_Brief_: Could you write out every record below exactly, leaving the pictures out?

(Items from a data source)
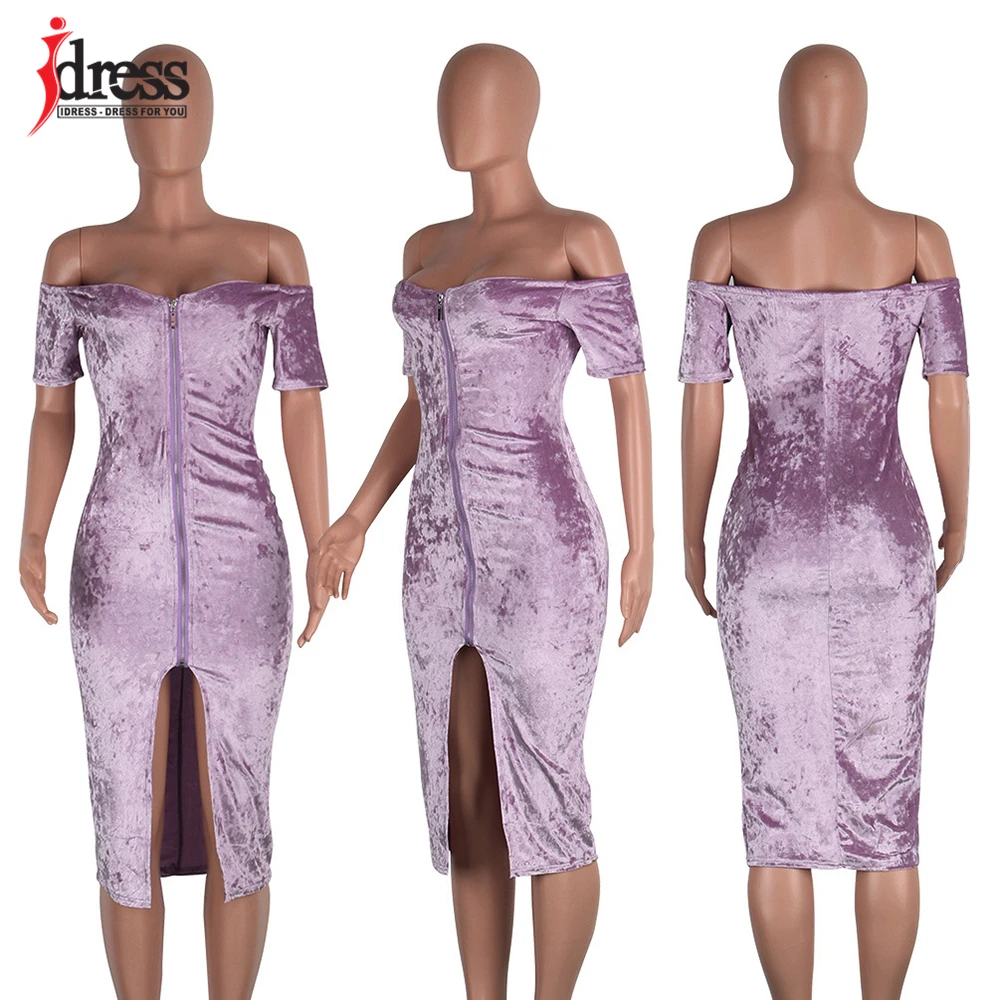 Женское платье с открытыми плечами IDress белое/черное/синее/фиолетовое зимнее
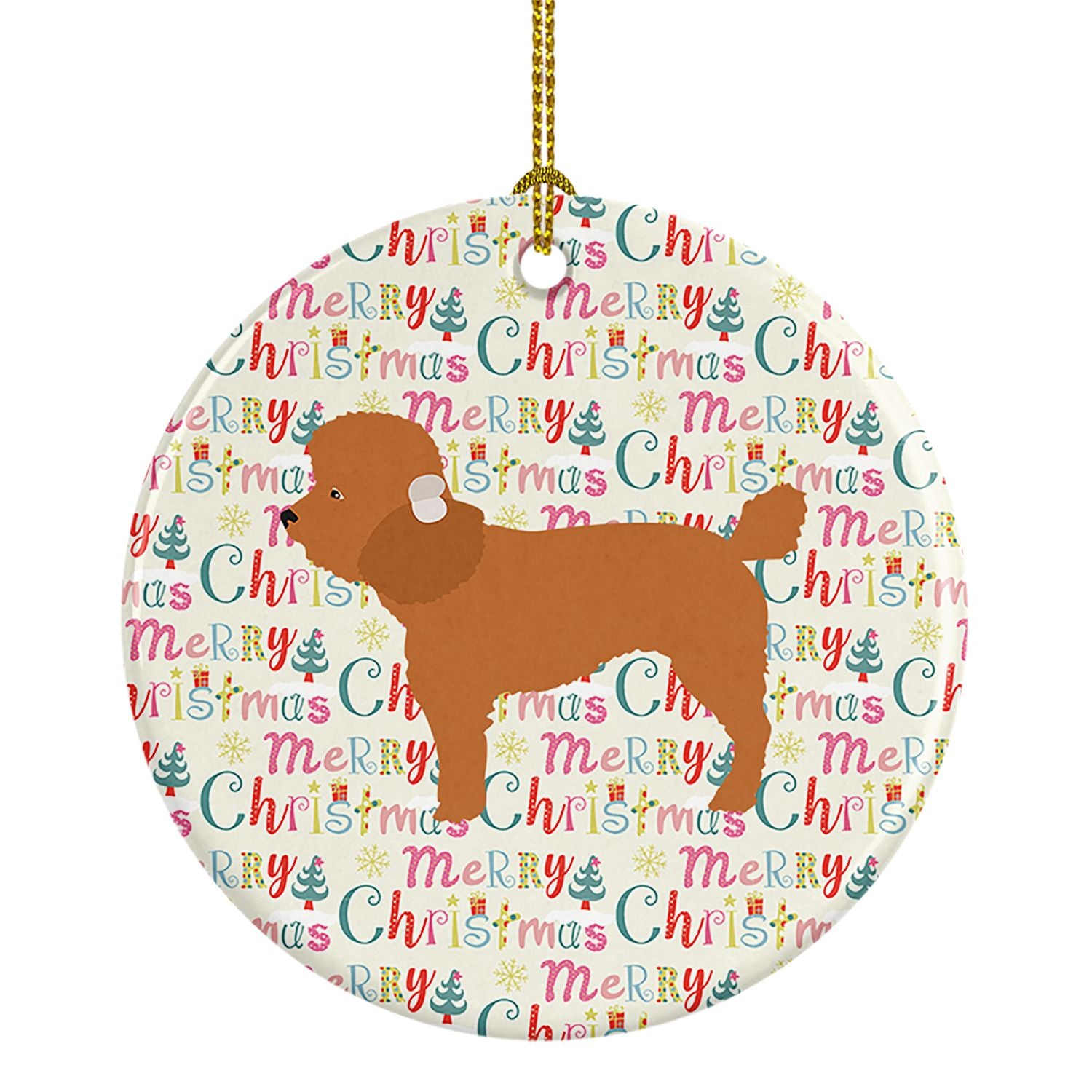 Toy Poodle Merry Christmas Ceramic Ornament Christmas Tree Hanging Decorations for Home Christmas Holiday, Party, Gift, 3 in, Mu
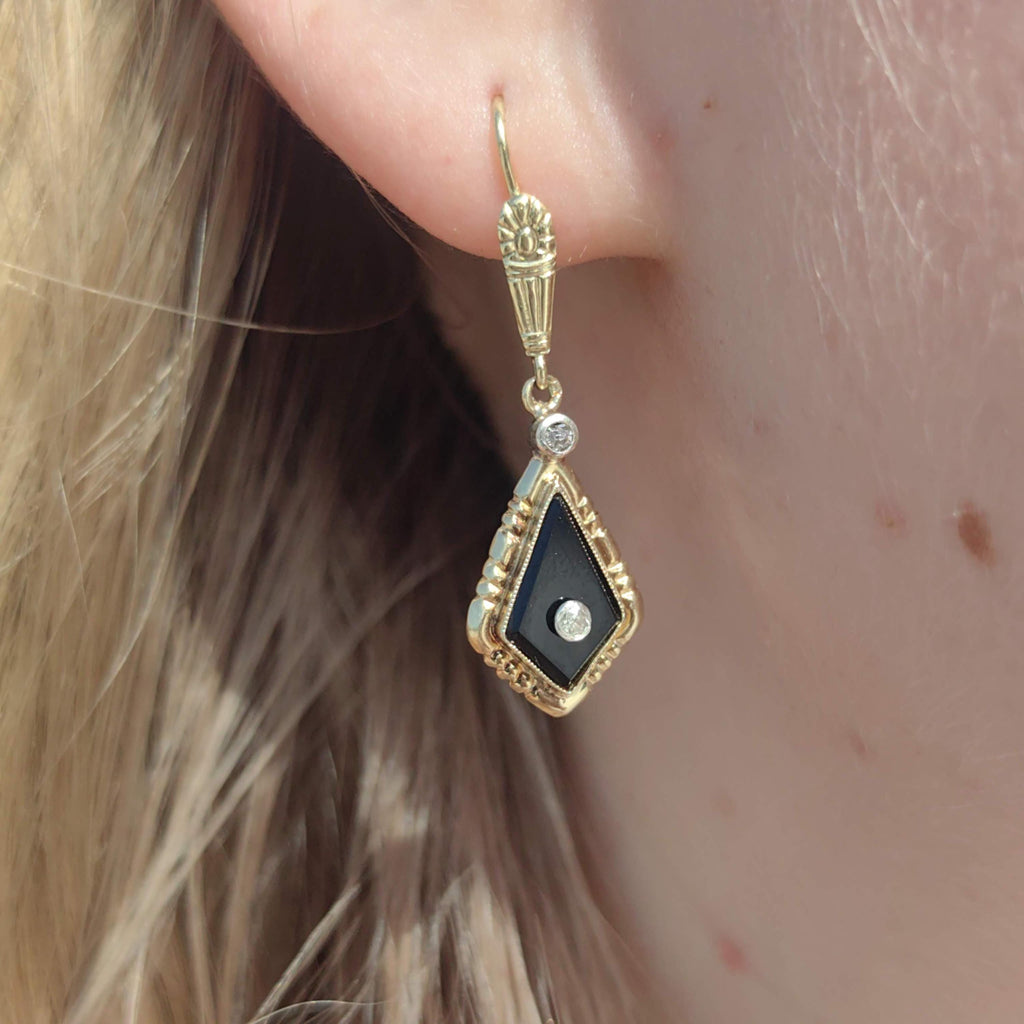 1920s Art Deco Onyx Diamond Dangle Earrings, 14k Gold Old European Cut Hallmarked Antique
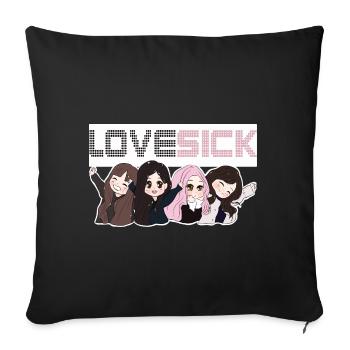 K-pop. - Sofa pillowcase 17,3'' x 17,3'' (45 x 45 cm) - black - Front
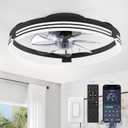 ZMISHIBO Low Profile Ceiling Fans with Lights and Remote, 20 Inch Flush Mount Ceiling Fan with Light, 3000K-6000K Dimmable Fandelier LED Fan Light, 6 Wind Speeds Black Ceiling Fans for Bedroom, Black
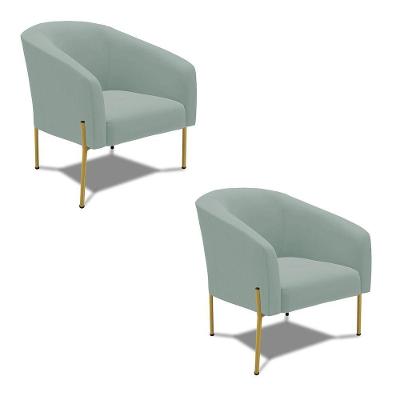 Poltrona Decorativa Pé De Ferro Dourado Kit 2 Stella Cotelê Ext/veludo Menta D03 - D'rossi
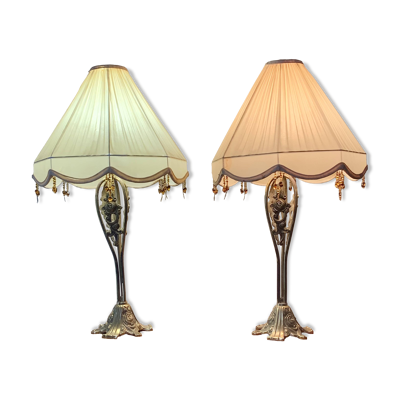 Paire de lampes de table vintage en laiton de style Art Nouveau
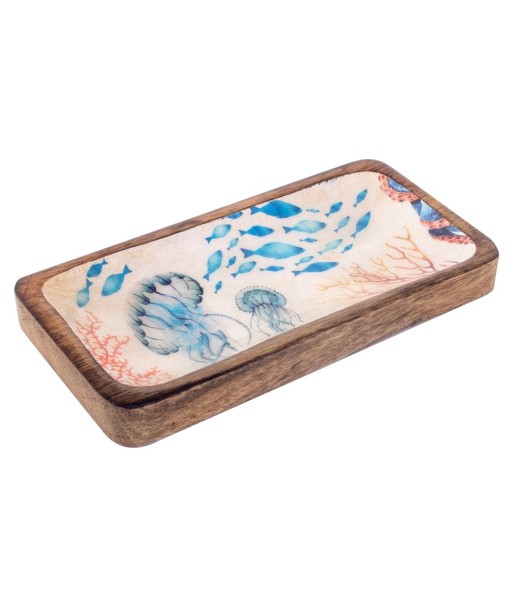 Bandeja medusas pequeña decorativa madera azul náutica marino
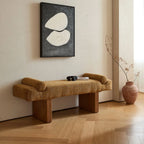 Solid Wood Fabric Bench with Sculptural Cloud-Edge Arms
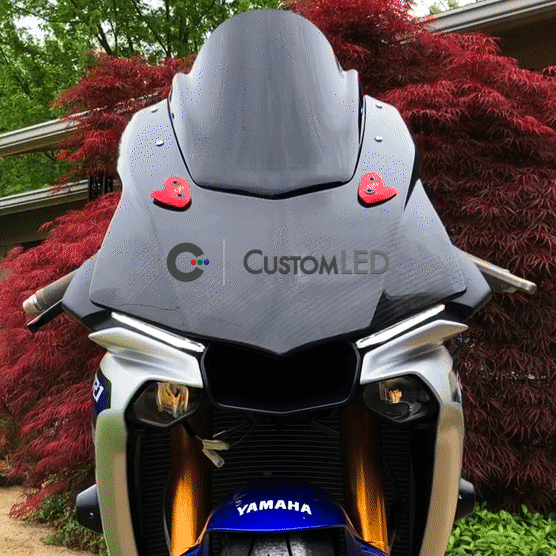 R1 & R1M Running Light DRL Turn Signal Mod with OEM Mirrors Removed - Custom LED Blinker Genie pre-wired for 2015+ R1 & R1M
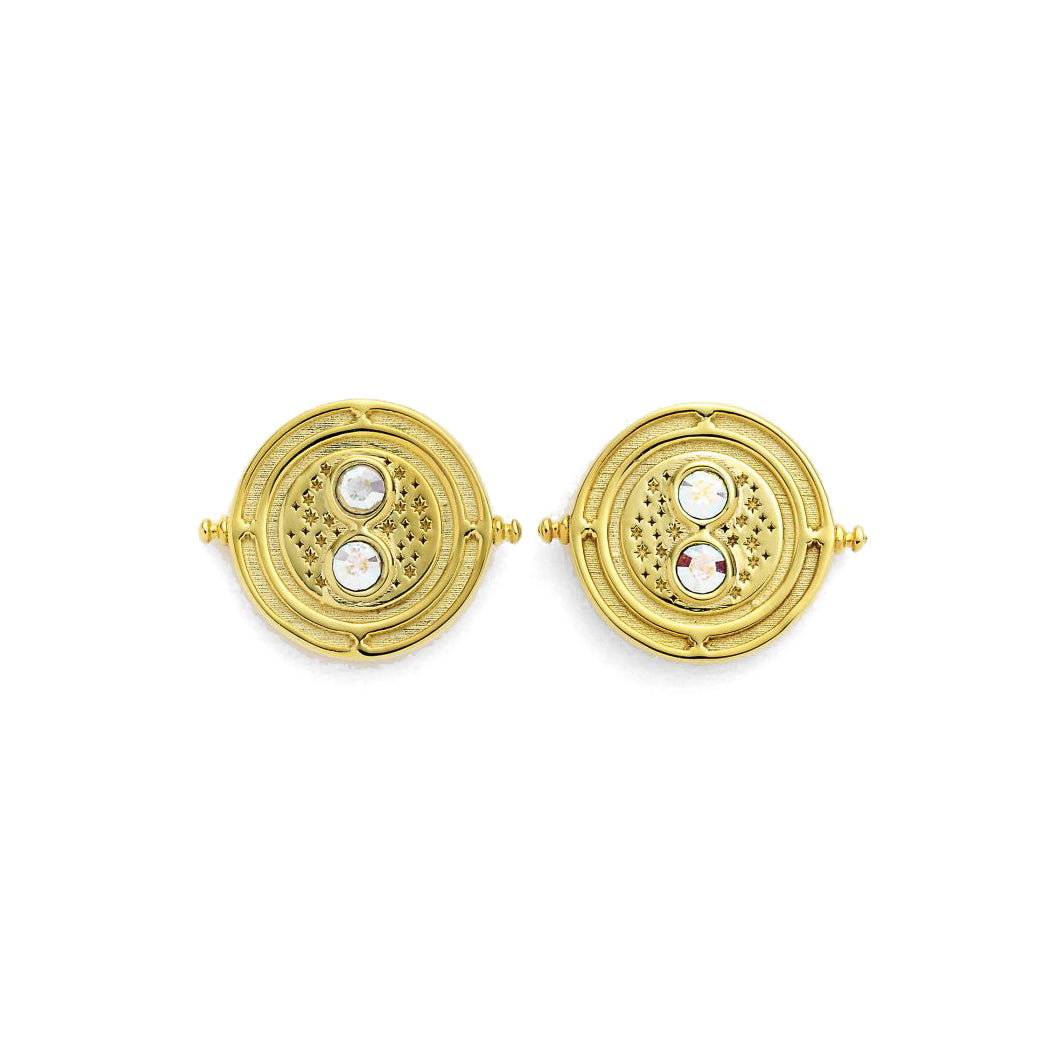 Gold Plated Time-Turner Stud Earrings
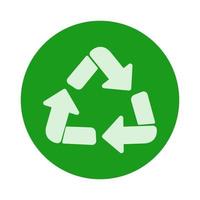 símbolo de reciclagem em forma redonda isolada no fundo branco. carimbo, marca, etiqueta para estoque de produtos. ilustração vetorial vetor
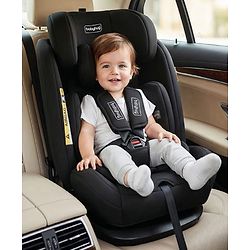 Babyhug Convertible 2 in 1 Car Seat with Isofix & Non Isofix, 360° Rotating - Black| R129 Certified| i-Size Compliant|Rear & Forward Facing| Newborn to 12 Years|Reclining Seat|Side Impact Protection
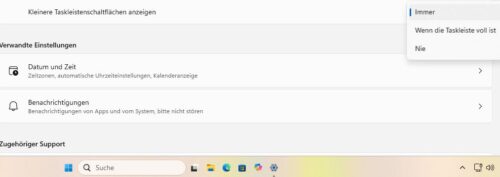 Kleine Taskleistenschaltflächen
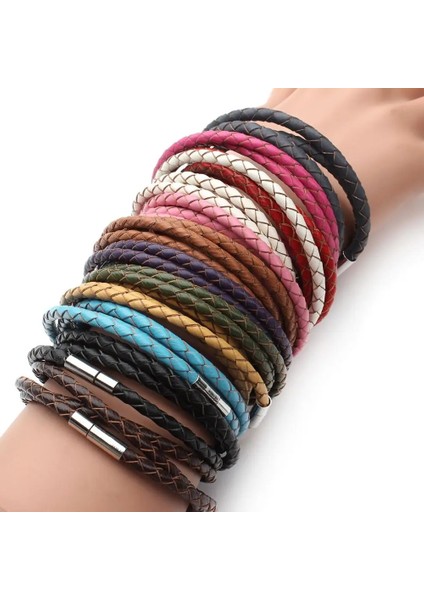 Mavi Louleur Yeni Moda Hakiki Örgülü Deri Bilezik Erkek Kadın Manyetik Claarm Wrap Bilezikler Pulseras Kadın Mücevheratı (Yurt Dışından)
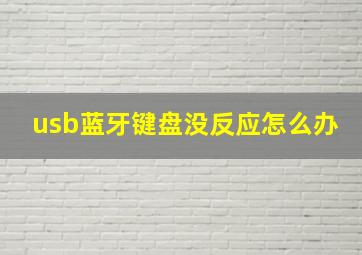 usb蓝牙键盘没反应怎么办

_Completed exercise_:
 Женское платье с открытыми плечами IDress белое/черное/синее/фиолетовое зимнее
 Toy Poodle Merry Christmas Ceramic Ornament Christmas Tree Hanging Decorations for Home Christmas Holiday, Party, Gift, 3 in, Mu
 1920s Art Deco Onyx Diamond Dangle Earrings, 14k Gold Old European Cut Hallmarked Antique
 K-pop. - Sofa pillowcase 17,3'' x 17,3'' (45 x 45 cm) - black - Front
 ZMISHIBO Low Profile Ceiling Fans with Lights and Remote, 20 Inch Flush Mount Ceiling Fan with Light, 3000K-6000K Dimmable Fandelier LED Fan Light, 6 Wind Speeds Black Ceiling Fans for Bedroom, Black
 Poltrona Decorativa Pé De Ferro Dourado Kit 2 Stella Cotelê Ext/veludo Menta D03 - D'rossi
 Paire de lampes de table vintage en laiton de style Art Nouveau
 Bandeja medusas pequeña decorativa madera azul náutica marino
 Solid Wood Fabric Bench with Sculptural Cloud-Edge Arms
 R1 & R1M Running Light DRL Turn Signal Mod with OEM Mirrors Removed - Custom LED Blinker Genie pre-wired for 2015+ R1 & R1M
 Gold Plated Time-Turner Stud Earrings
 símbolo de reciclagem em forma redonda isolada no fundo branco. carimbo, marca, etiqueta para estoque de produtos. ilustração vetorial vetor
 Babyhug Convertible 2 in 1 Car Seat with Isofix & Non Isofix, 360° Rotating - Black| R129 Certified| i-Size Compliant|Rear & Forward Facing| Newborn to 12 Years|Reclining Seat|Side Impact Protection
 Kleine Taskleistenschaltflächen
 Mavi Louleur Yeni Moda Hakiki Örgülü Deri Bilezik Erkek Kadın Manyetik Claarm Wrap Bilezikler Pulseras Kadın Mücevheratı (Yurt Dışından)
 usb蓝牙键盘没反应怎么办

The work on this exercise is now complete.